Wie het zo ziet zal zeggen: het gaat niet maar om een aantal teksten waarin Jezus’ komst wordt voorzegd. Die teksten moeten natuurlijk wel gelezen en bepreekt worden. Het gaat echter om Gods handelen tot verlossing. Naarmate dat plan in zijn onderdelen gekend wordt zal het eindpunt ook meer aandacht krijgen. Het is adembenemend om adventsteksten bij de profeten te lezen. Sommige lezers leerden ze uit hun hoofd om deze op het Kerstfeest voor ouderen en ouders te kunnen opzeggen.
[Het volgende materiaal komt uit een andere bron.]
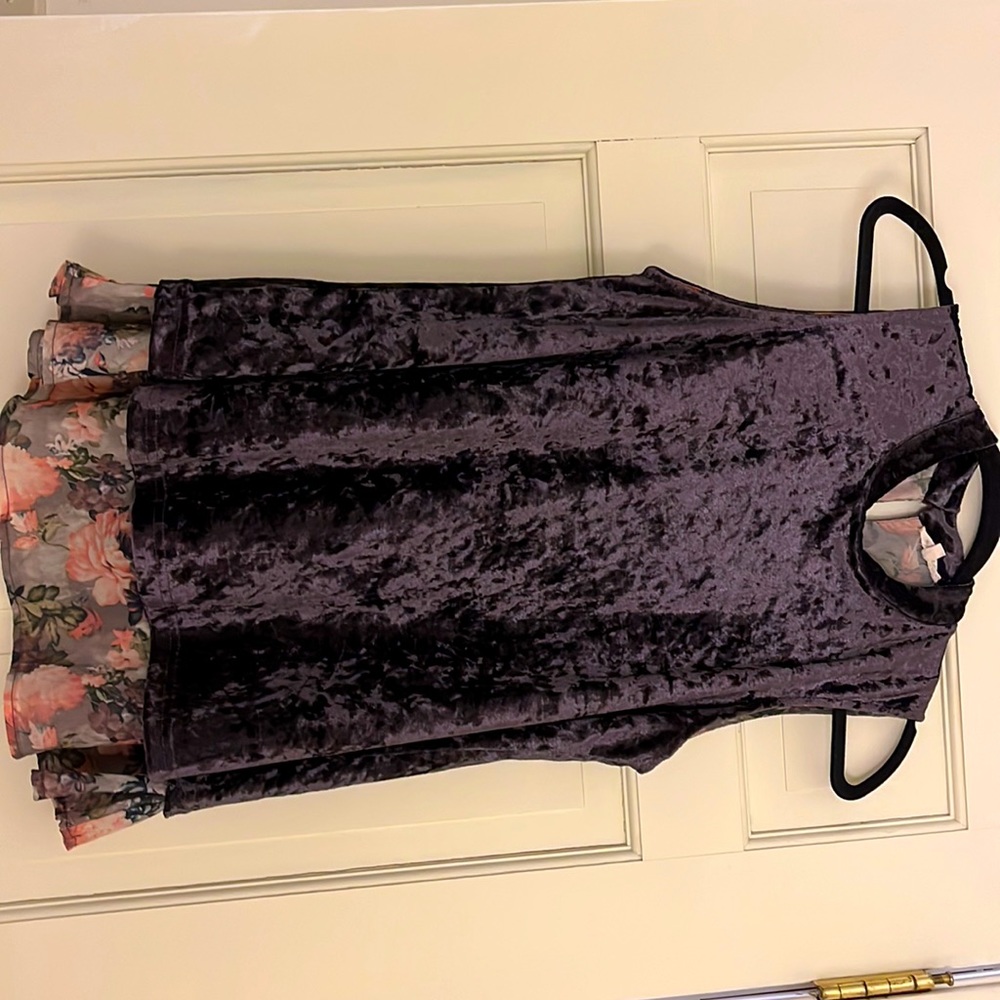 Sz M Plum crushed velvet tunic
Het is echter nog aangrijpender en indrukwekkender om de vervulling van die tekst in historische situaties na te gaan tot op de wederkomst van Jezus Christus.

De geest als onderpand
De lezer begrijpt: het gaat mij niet maar om een aantal teksten. Het gaat me er om wat God in en met de wereld doet van stap tot stap te volgen. En dan in de volle zekerheid dat het einde goed en groots zal zijn.
Wat volbracht heet op Golgotha wordt voltooid op de jongste dag van de wereldgeschiedenis. Liever nog zeg ik: van Gods heilsgeschiedenis.

Dus de Schrift moet voor ons opengedaan worden en daardoor opengaan in haar volle lengte en breedte.
Dan gaat het niet alleen om verzoening, en (vervolgens) ook niet alleen om de gaven van de Geest. Het is goed dat daarvoor (in onderlinge samenhang van beiden) aandacht komt. Dan gaat het ook om de voltooiing.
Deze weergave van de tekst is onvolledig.